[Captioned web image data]
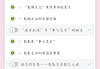 刷超星尔雅网课脚本最新(超星尔雅刷课手机版在线刷课)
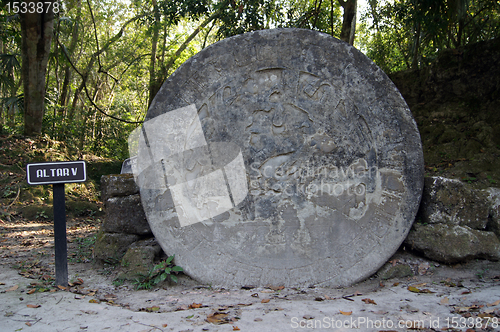 Image of Circle stone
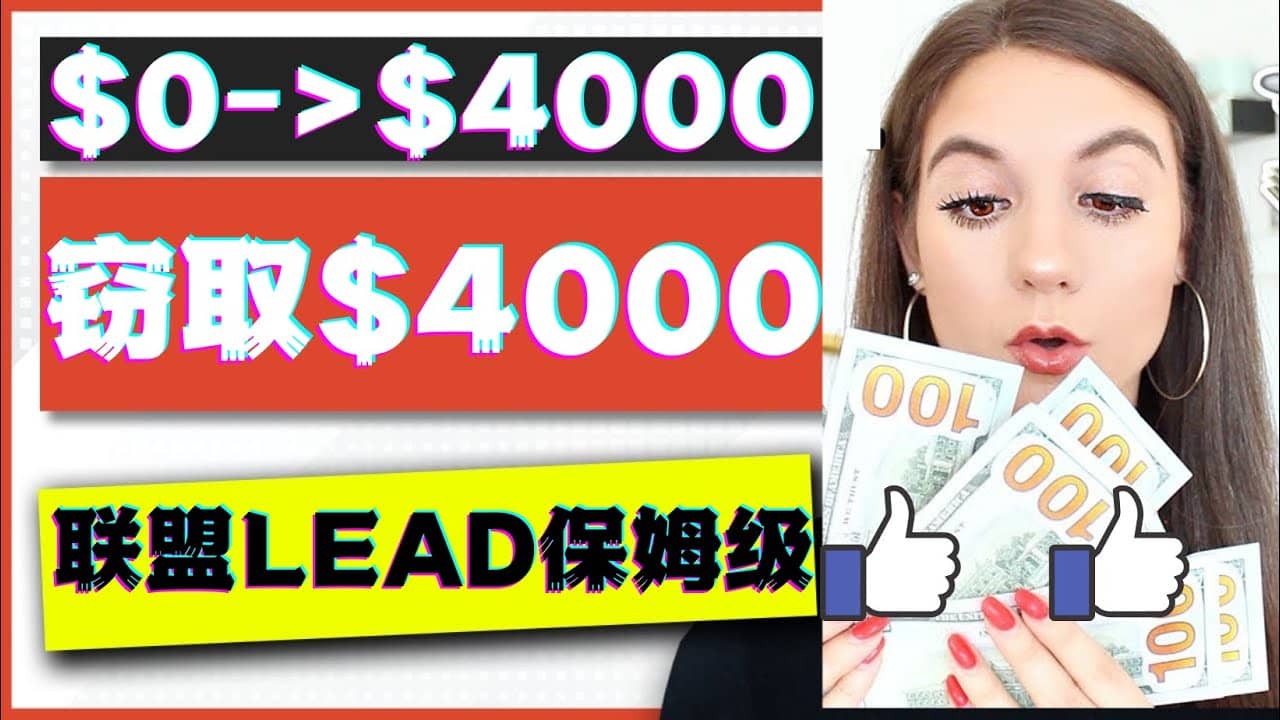 2023国外联盟项目实操保姆级教程：月入4000美元，适合初学者搞钱吧-网创项目资源站-副业项目-创业项目-搞钱项目搞钱吧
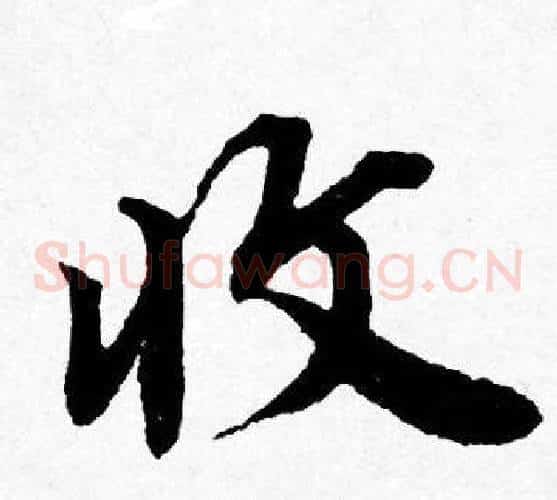收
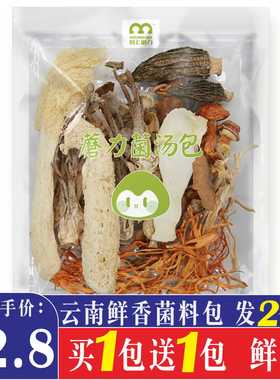 2包装菌菇包煲汤营养菌菇汤料包干货云南特产七彩松茸炖鸡汤新鲜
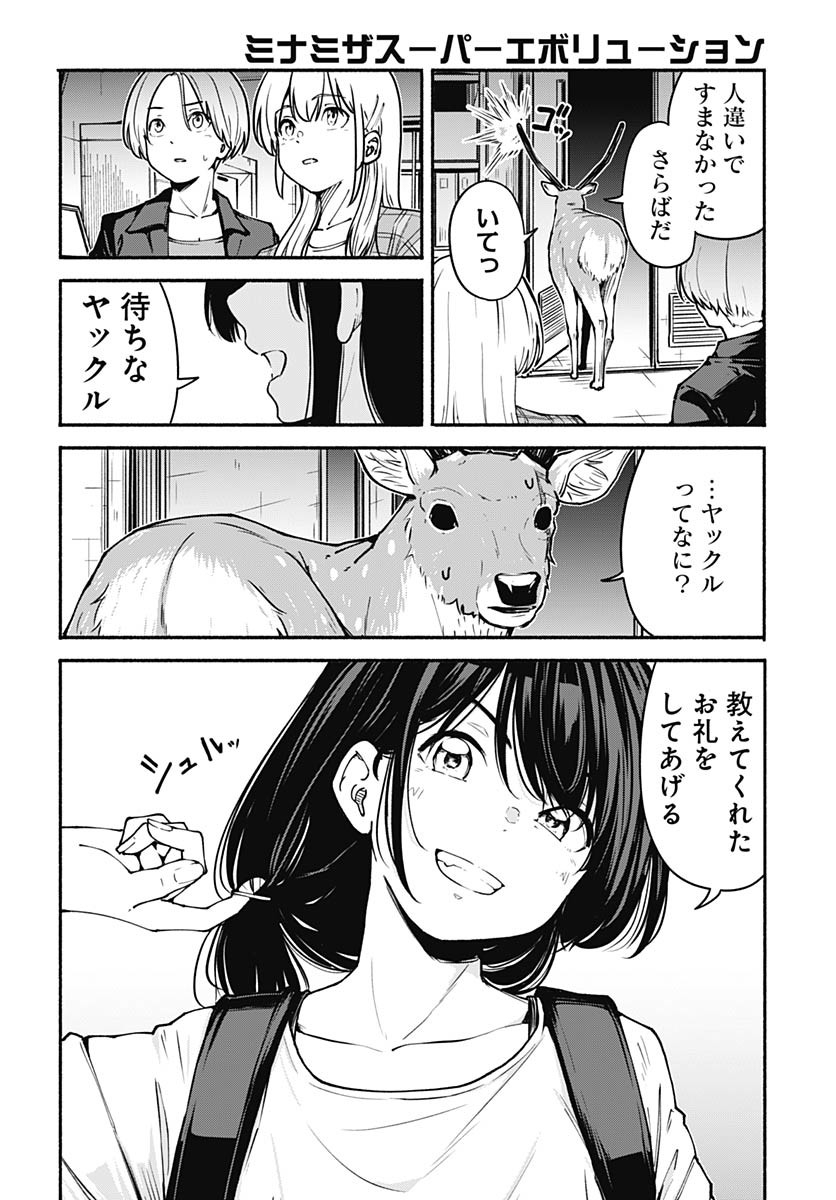 Minami the Super Evolution Chapter 5 34ページ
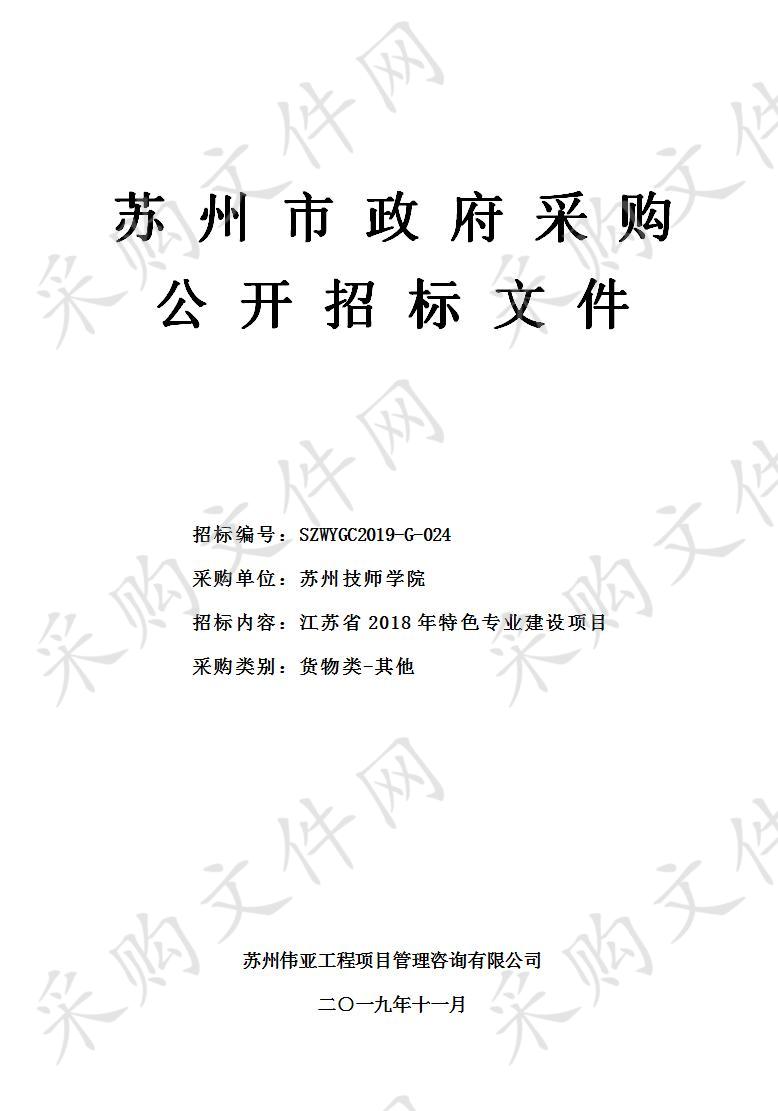 江苏省2018年特色专业建设项目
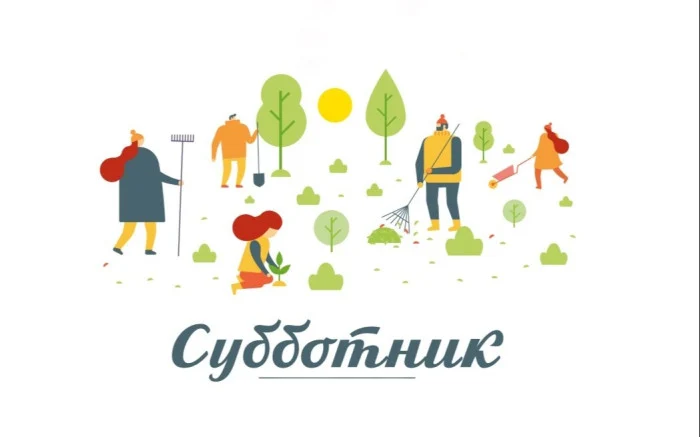 "Чистота- залог здоровья." "Чистота- залог здоровья."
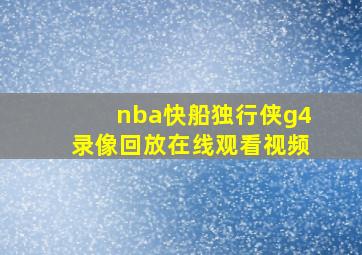 nba快船独行侠g4录像回放在线观看视频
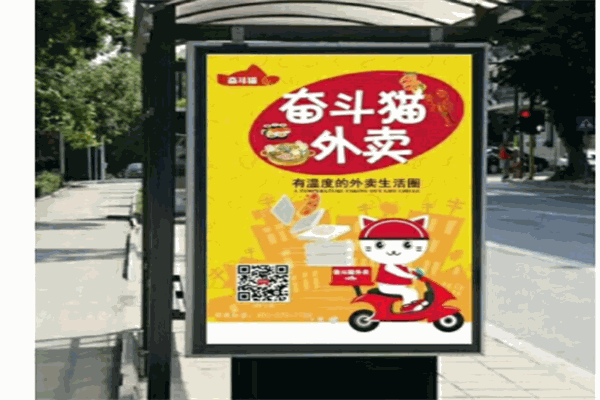 奮斗貓外賣加盟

* What the task requires *
Repeat word for word, and nothing more, the lines between the line containing "2包装菌菇包煲汤营养菌菇汤料包干货云南特产七彩松茸炖鸡汤新鲜" and the last line of the records above, inclusive, without pictures.

* Exercise output *
 2包装菌菇包煲汤营养菌菇汤料包干货云南特产七彩松茸炖鸡汤新鲜
 Minami the Super Evolution Chapter 5 34ページ
 江苏省2018年特色专业建设项目
 "Чистота- залог здоровья." "Чистота- залог здоровья."
 nba快船独行侠g4录像回放在线观看视频
 奮斗貓外賣加盟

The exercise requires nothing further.